MHP’nin şovenizmle, sosyal demagojiyle, başka bazı temalarla aldattığı yoksul yığınlar, kendiliğinden bir biçimde burjuva zenginliğinin simgesi olan bir yeri, servetin dolayısıyla da sefahatin simgesi olan bir yeri taşa tutuyorlar. Bu küçümsenir bir olay olabilir mi? Bu, faşistlerin ya da dinsel gericiliğin, şovenizm ve dini duygularla olduğu kadar sosyal demagojiyle de aldattıkları yoksul kitleleleri dizginlemekte bundan böyle daha çok zorlanacaklarının bir göstergesi değil midir? Tam da MHP ideolojisiyle zehirlenmiş emekçilerin kendiliğinden servete ve burjuva sefahatine gösterdiği bu tepki, Türkiye’deki sosyal çelişkilerin nasıl da keskinleştiğini, sosyal duyarlılıkların nasıl da arttığını göstermiyor mu? Şovenizmin ya da dinsel taasubun tuzağına düşerek kurulu düzene destek verenler, kendiliğinden bir biçimde, kendi sefil yaşamlarıyla zenginlerin sefahati arasındaki uçurumu görüyorlar ve buna karşı kendiliğinden bir tepki ortaya koyuyorlar. Önemli olan nokta budur, yoksa taş atanların mevcut siyasal eğilimi değil.

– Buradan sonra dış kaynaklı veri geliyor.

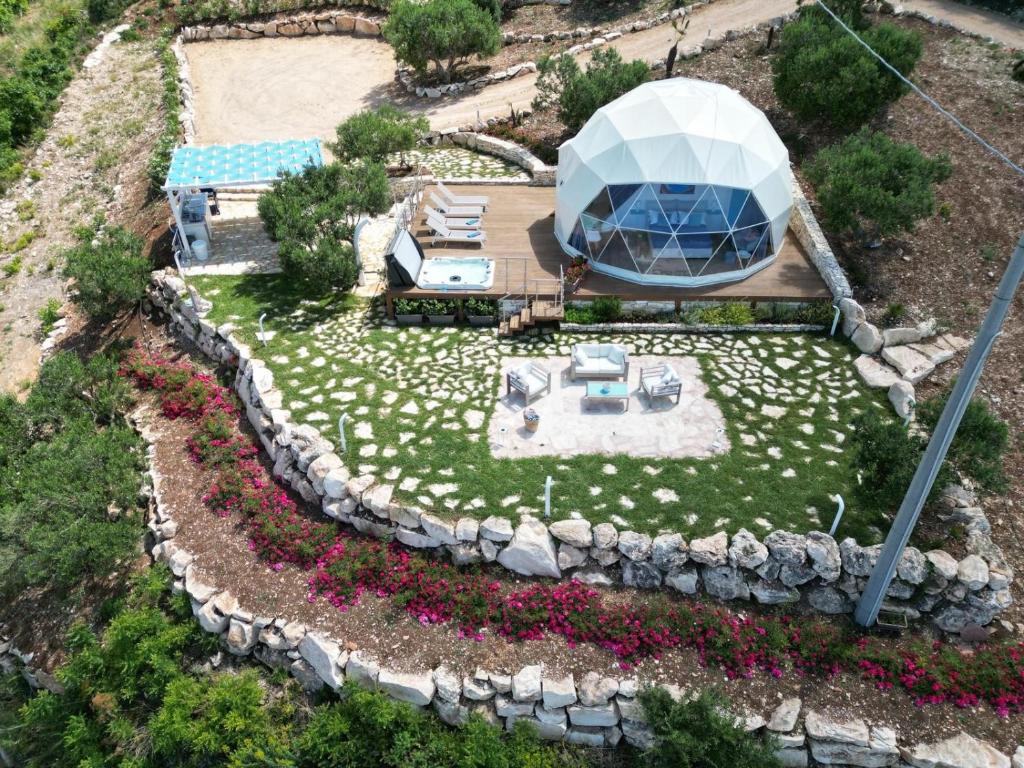 an overhead view of a garden with a circular building at Dome on the hill with Jacuzzi in Castellammare del Golfo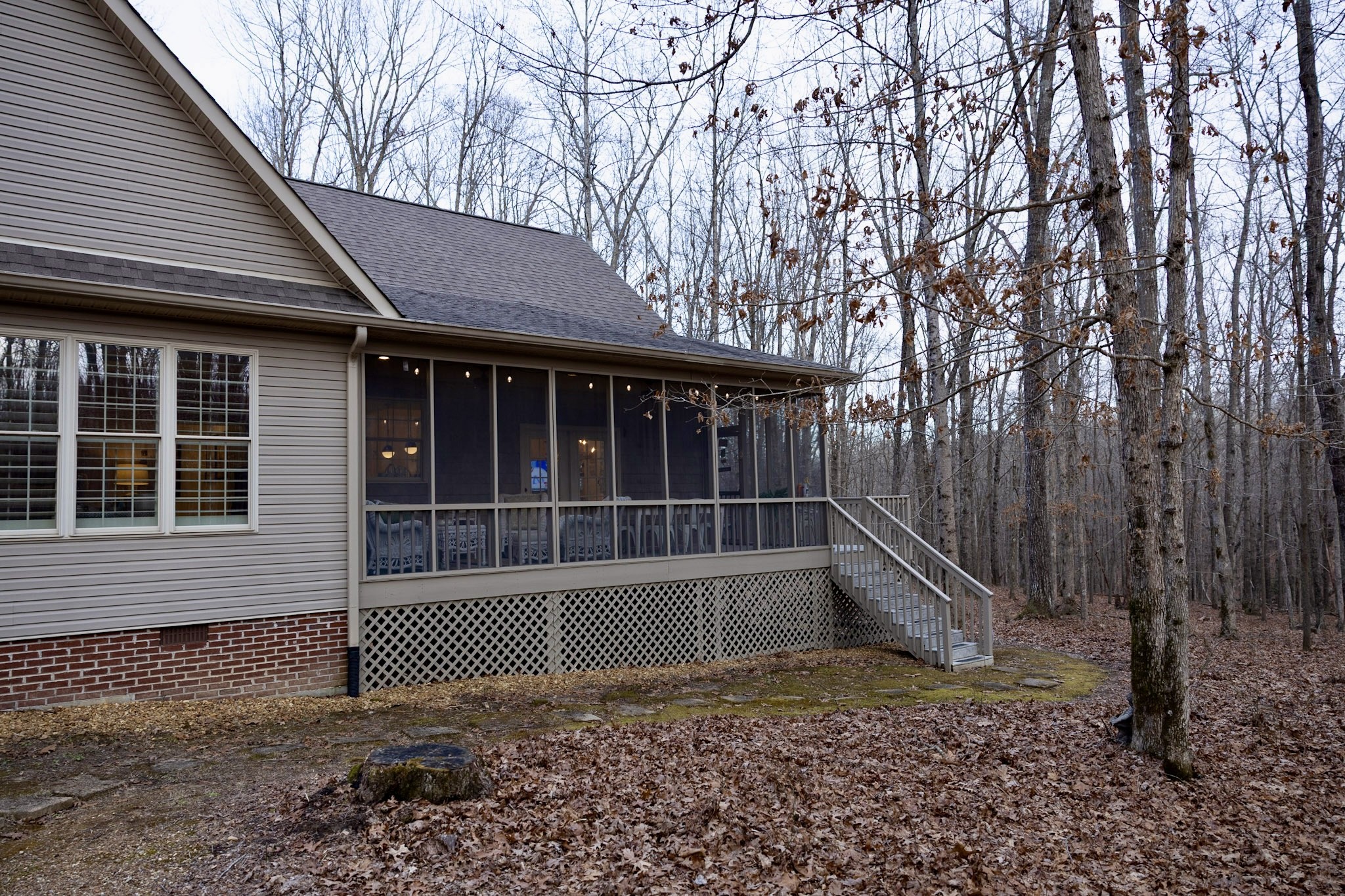 1629 Clifftops Avenue Monteagle, TN 37356 - Photo 40 of 45 a view of a house with a yard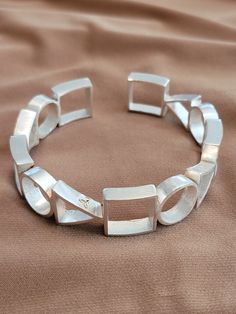 The bracelet is geometric style with .25 inch circles, squares, and triangles.  Solid 925 silver filled. Cool Silver Bracelets, Silver Cuff Bracelet For Women, Modern Sterling Silver Cuff Bracelet Bangle, Sterling Silver Jubilee Cuff Bracelet, Modern Sterling Silver Jubilee Bracelet With Rectangular Links, Modern Sterling Silver Bangle Bracelet, Contemporary Sterling Silver Bracelet, Elegant Silver Square Bracelet, Modernist Geometric Jewelry For Formal Occasions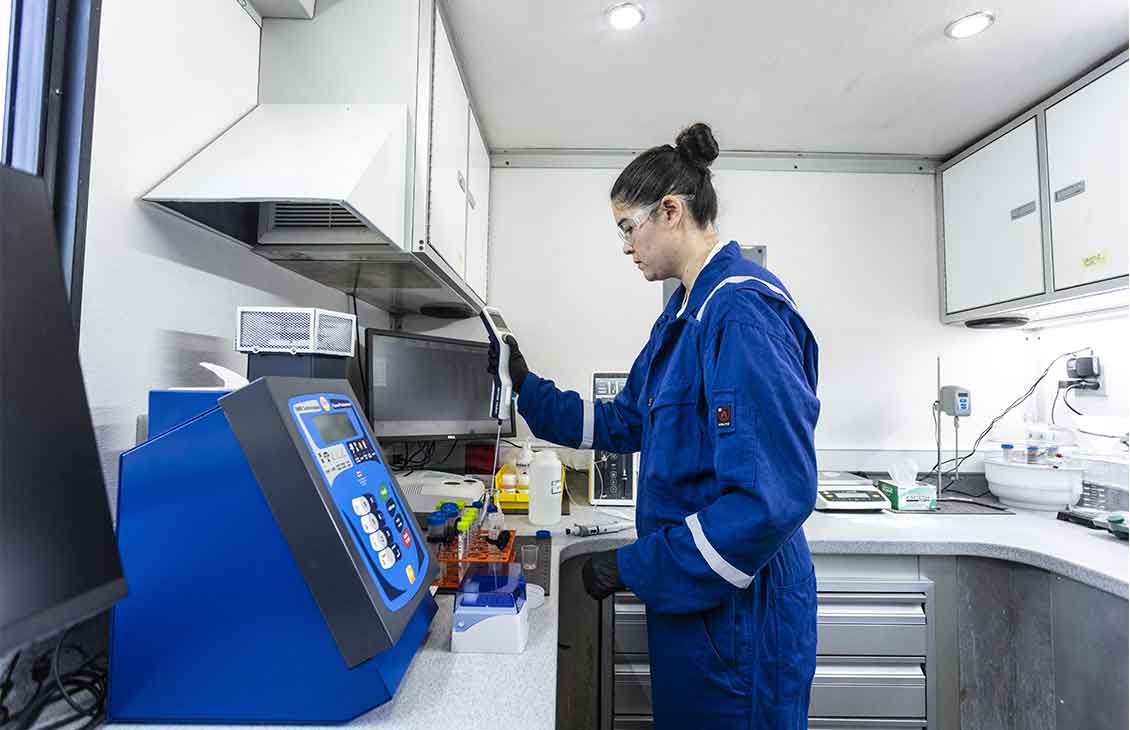 Woman in lab wearing blue coveralls using probe on test tubes full of liquid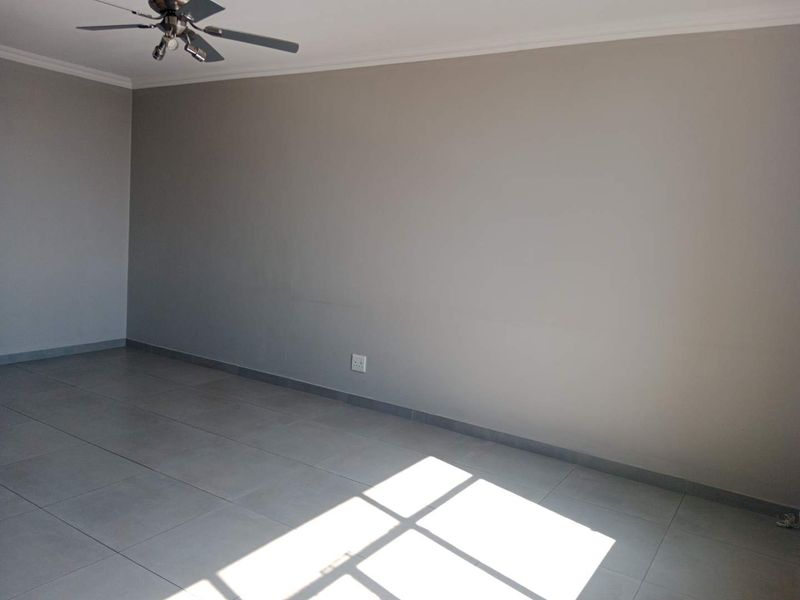A spacious, empty living area featuring neutral grey tiled flooring, coving, and a ceiling fan, offering a clean canvas for interior design.
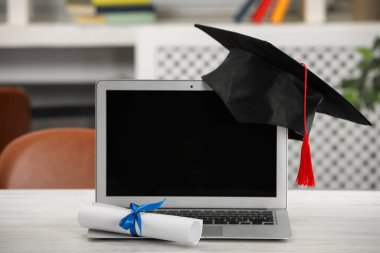 Mezuniyet şapkası, öğrenci diploması ve laptopu beyaz masa içinde.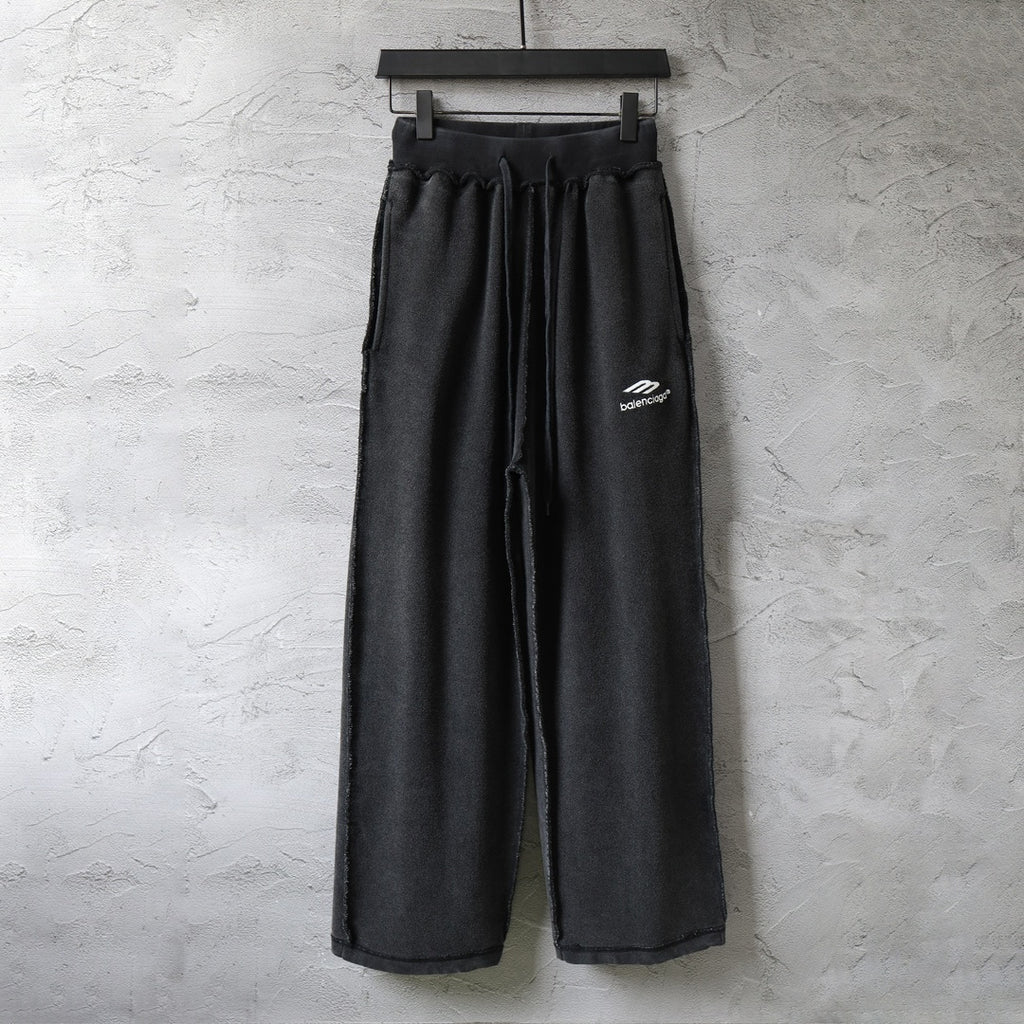 Balenciaga black wide-leg pants with elastic waistband and side logo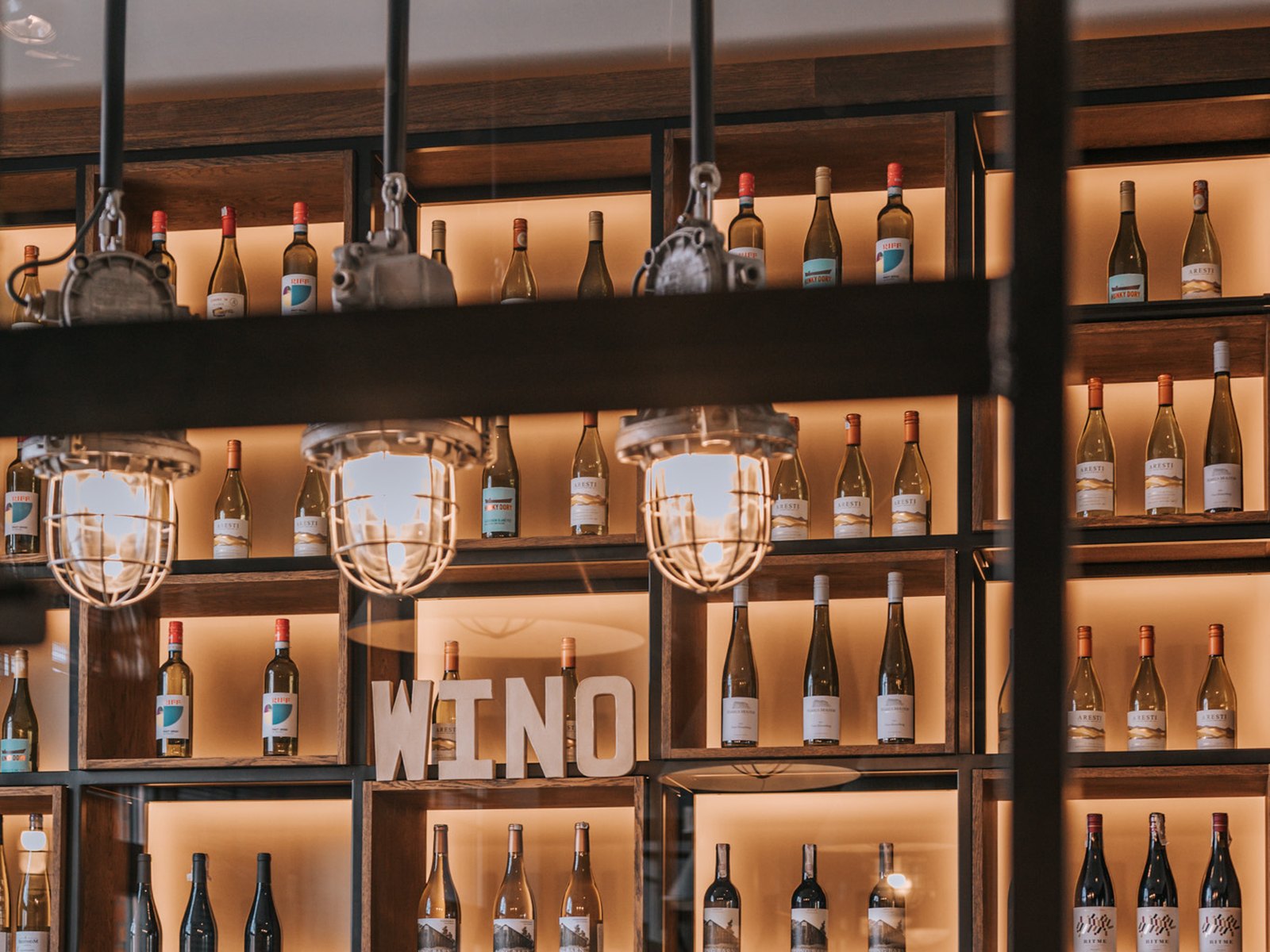 Sztolnia wine wall with large WINE sign and industrial cage lighting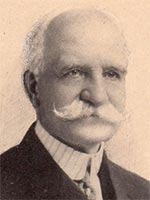 old man with bushy white mustache in starched collar and tie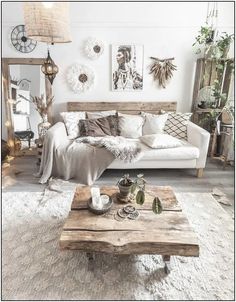 a living room filled with lots of furniture and decor on top of a wooden table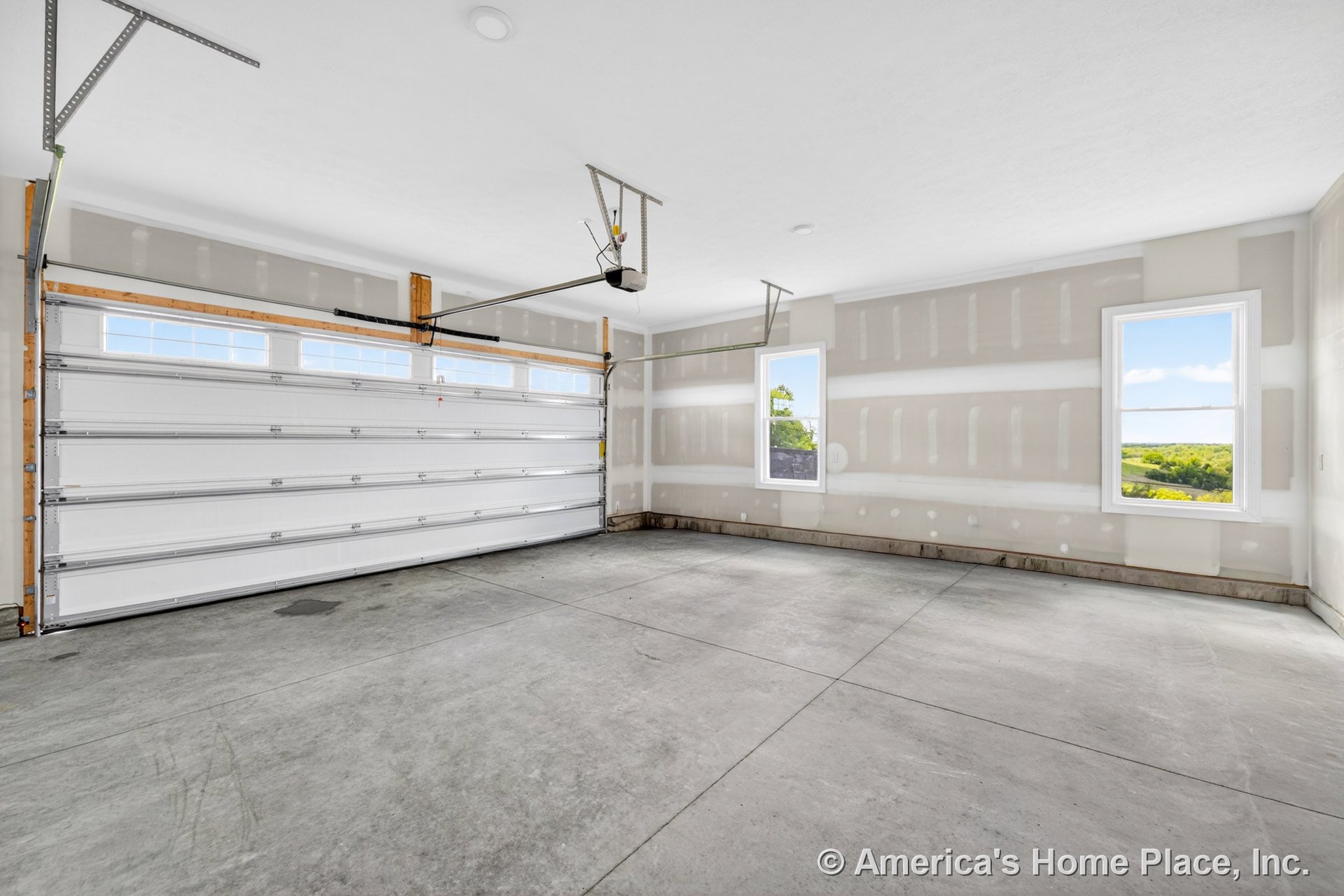 Unfinished drywall garage with concrete flooring, large sectional overhead door featuring upper windows, two side windows with trim, and ceiling-mounted garage door opener.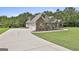 Beautiful Gathering home with lush greenery and landscaping alongside a long, concrete driveway at 45 Coral Ridge Ct, Palmetto, GA 30268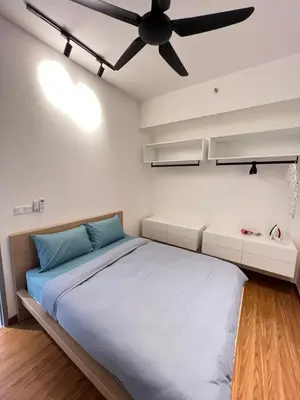 a bedroom with a bed and a ceiling fan at Beacon Executive Suites #CozyFamilyStay #RoofTopPool #16 #10paxs in George Town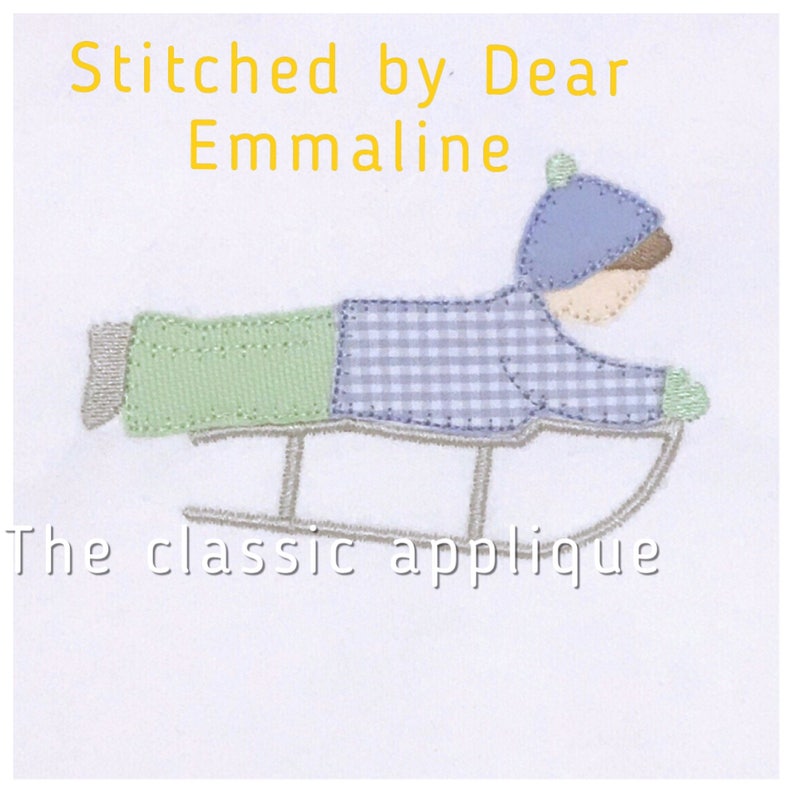 Pu&ograve; includere: Design di applicazione di un bambino che va in slitta, con cappello blu e camicia a quadri, pantaloni verdi e guanti. La slitta &egrave; grigia. Il testo recita "Stitched by Dear Emmaline" e "The classic applique".
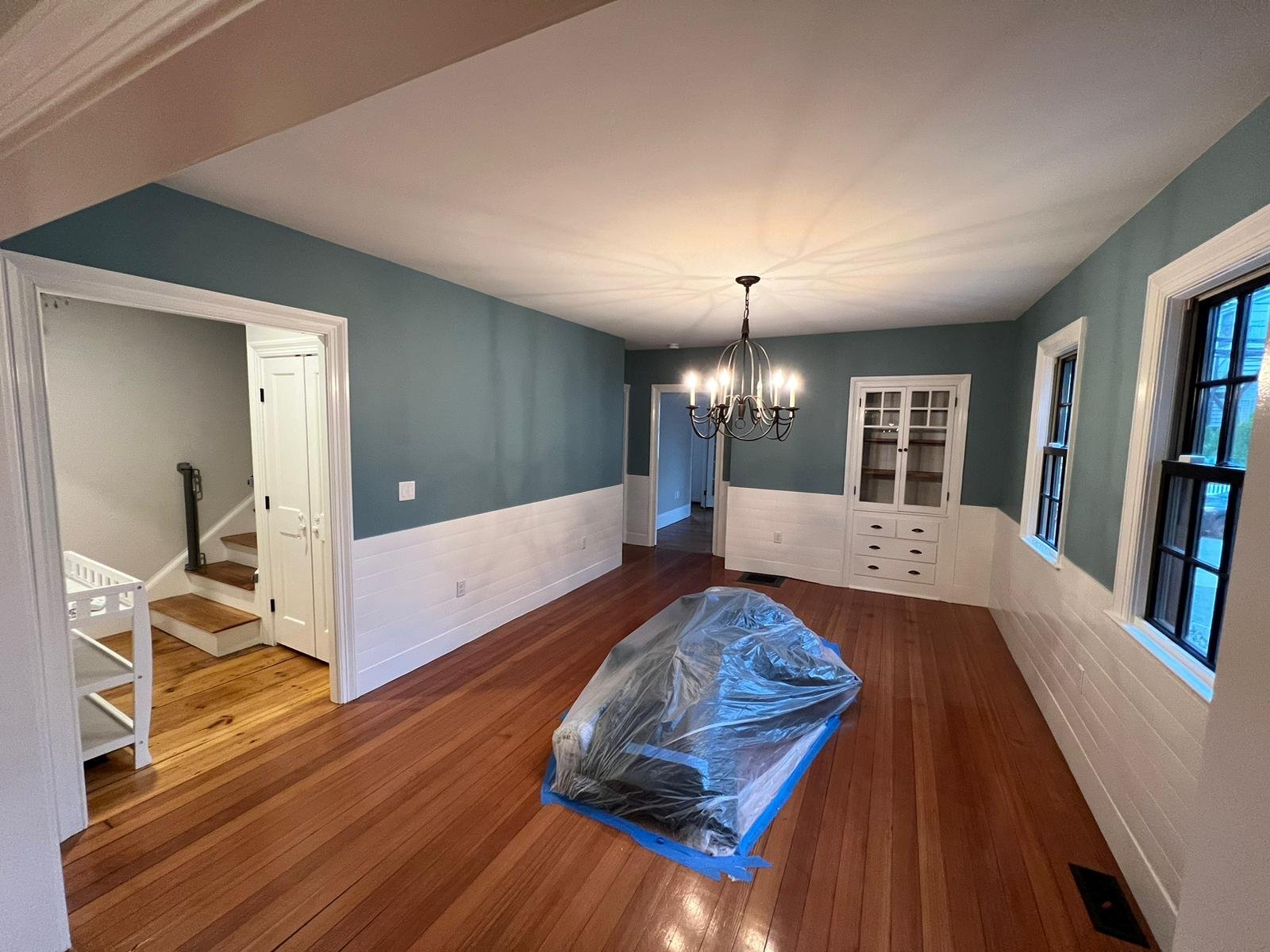 Empty dining room with hardwood floors, blue walls with white wainscoting, large windows, a chandelier, and a covered piece of furniture or appliance on the floor in Chestnut Hill, Boston.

İşte size sosyal kutuplaşma ve sonuçları! İşte size Marks’ın teorisinin temel tezlerinden biri! İşte size Partimizin programının kapitalizme ilişkin bölümünde dile getirilen temel bir olgunun gözlerimizin önünde nasıl yaşandığı gerçeği!
Kıtalar ya da ülkeler çapında sosyal yıkım
Kutuplaşma ya da uçurum, aynı zamanda belli kıtalar ya da bölgeler arasında da yaşanmaktadır. Bugün dünyanın bazı bölgeleri iktisadi bakımdan çölleşiyor. Afrika buna bir örnek; dışlanmış, gitgide uluslararası iktisadi yaşamın dışına itilmiş bir bölge sayılıyor, bazı araştırmacılarca. Sömürgecilik ve yakın dönemde yeni-sömürgecilik yoluyla bu kıtanın(212)yeraltı kaynakları yağmalanıp talan edildi. Yakın dönemde İMF ve Dünya Bankası’nın dayatmalarıyla, bazı ülkelerde başta tarım olmak üzere geleneksel üretim kolları çökertildi. Bunun yerini ise hiç de modern üretim tekniği ve kolları değil, fakat açlık, işsizlik, yoksulluk, bakımsızlık ve tüm bunların yolaçtığı kitlesel ölümler aldı. Somali gibi ülkelerde geleneksel ilişkilerin hakimiyeti altında insanlar hiç değilse geçinebiliyor, açlıktan ölmüyorlardı. Afrika’da bugünkü türden bir açlık ve kıtlık, bunun yolaçtığı kitlesel ölümler dün yoktu. Şimdi var, üstelik yaygın olarak.
Somali’ye özel askeri operasyonlar eşliğinde güya “insani yardım” yapıyorlar. Ama Somali’nin tarım ve hayvancılığı zamanında tam da İMF politikalarıyla çökertilmiştir. Bunu daha önce sözünü ettiğim Kanadalı bilim adamı, ismini andığım kitabında bütün açıklığı ve ayrıntılarıyla ortaya koyuyor. “Yoksulluğun Küreselleşmesi” kitabını okuyunuz, Somali’nin tarımının emperyalist dayatmalarla nasıl yıkıma uğratıldığını ve açlığın, yoksulluğun, kıtlığın İMF politikalarıyla nasıl adım adım yaratıldığını somut kanıtlarıyla göreceksiniz. Yalnız Somali de değil, Afrika’nın ve dünyanın birçok başka ülkesi üzerinden tüm bunlar, somut ve çarpıcı verileri eşliğinde, bir bilim adamının titiz ve kapsamlı çalışması sayesinde ortaya konulmuş söz konusu incelemede.